【コラム】

ほらほら、置いてきぼり食らうよ

岡田 充

 電話普及率… 先進国ほど高く、途上国は低い。世界各国の状況を記述するさまざまな「年鑑」には、電化や鉄道敷設キロ数と並び、電話普及率が統計指標の一つだった。「電話」とは固定電話のこと。「だった」と書いたのは、途上国でも携帯電話が急速に普及した21世紀には、経済発展の指標としてあまり意味がなくなったからだ。
 日本の固定電話の世帯ベースの保有率(2017年)は71.0%だった。しかし20代ではなんと5.2%、30代でも29.3%に過ぎない。独身はもちろん、結婚しても共働きが多いためか、固定電話を持たない世帯は増える一方だろう。

 さてここから本題の「マネー」に移る。2020年10月、カンボジア中央銀行がデジタル通貨「バコン」を導入した、というニュースが流れた。中銀デジタル通貨の発行は、カリブ海のバハマに続き世界2番目という。カンボジアでは通貨「リエル」の信用度が低く、流通する通貨は米ドルだった。「バコン」導入で、国家がようやく通貨発行の支配権を取り戻したことになる。
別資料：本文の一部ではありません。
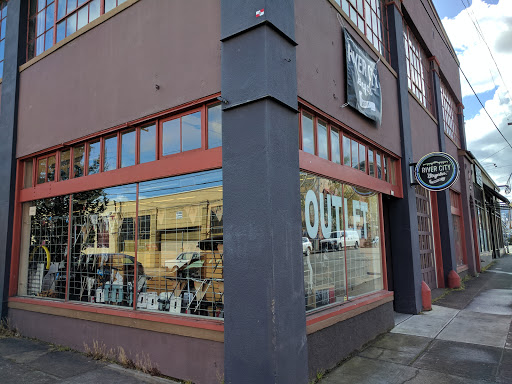 River City Bicycles Outlet, 534 SE Belmont St, Portland, OR 97214, USA,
 中銀発行のデジタル通貨と、ビッドコインなどの「仮想通貨」とはどう違うのか。仮想通貨は、ネット上でユーザー同士が取引し、通貨の裏付けはない。一方、買い物で使うクレジットカードや、交通機関で利用する「電子マネー」は、法定通貨の代替物だ。

 主要国では、中国が試験的に中銀デジタル通貨を導入し、2022年の北京冬季五輪開催前に実用化する予定。中国ではスマホのアプリで、巨大IT企業、アリババ集団の「支付宝(アリペイ)」や騰訊控股(テンセント)の「ウィーチャットペイ」など、銀行を介さないショッピングが消費者に浸透している。これもすべてスマホ一つで取引できるキャッシュレス。
 「中国の特色ある社会主義」でも、民間企業が都市部の雇用の8割と、国内総生産(GDP)の6割を創出。共産党指導部には、巨大IT企業が金融支配しかねないとの懸念を強めていた。中銀デジタル通貨の発行も、国家による巨大IT企業への支配を強化する狙いがある。アリババ集団の創始者ジャック・マー(馬雲)への締め付けも、この文脈で見ると分かりやすい。
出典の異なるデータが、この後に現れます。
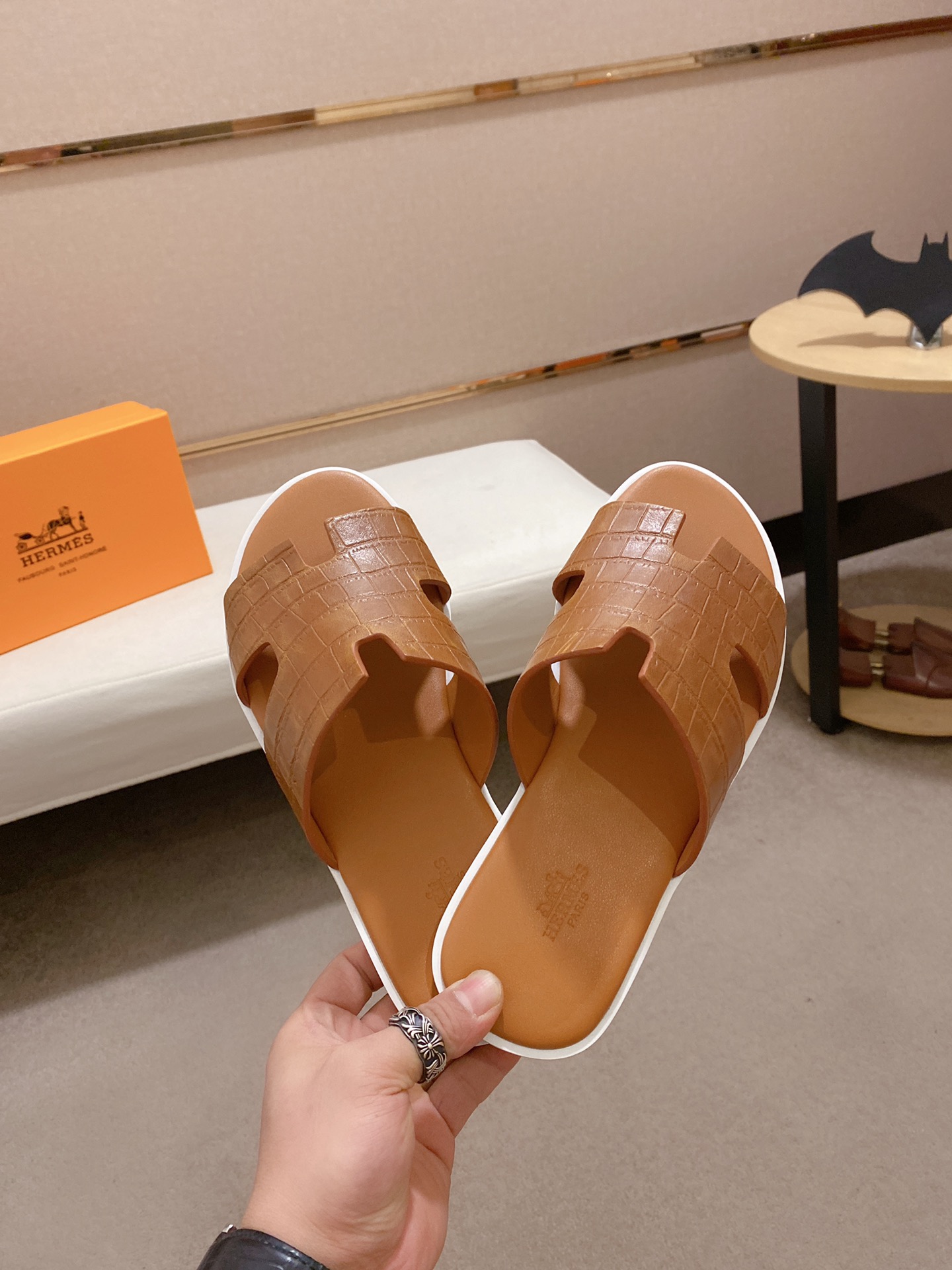 Hermes Sandals 10 - vstockx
 日本も日銀に「デジタル通貨グループ」を設置し、導入に向けた実証実験を始めたばかり。日本人の「現金信仰」は根強いものがある。キャッシュレス決済額の比率を見ると、韓国(96.4%)、中国(60%)、シンガポール(58.8%)に対し、日本はわずか19.8%。一方「タンス預金」の総額は、50 兆円(2019年1月)を越えたとされる。
 他人ごとではない。亡母が祝儀袋に紙幣を包むとき、わざわざ重いアイロンを出して、お札のしわ伸ばしをしていたのを思い出す。こんなことをするのは日本人ぐらいに違いない。

画像の説明
  中国政府が2月の旧正月の
「お年玉」用に配った「デジタル人民元」画像(人民網)

 (共同通信客員論説委員)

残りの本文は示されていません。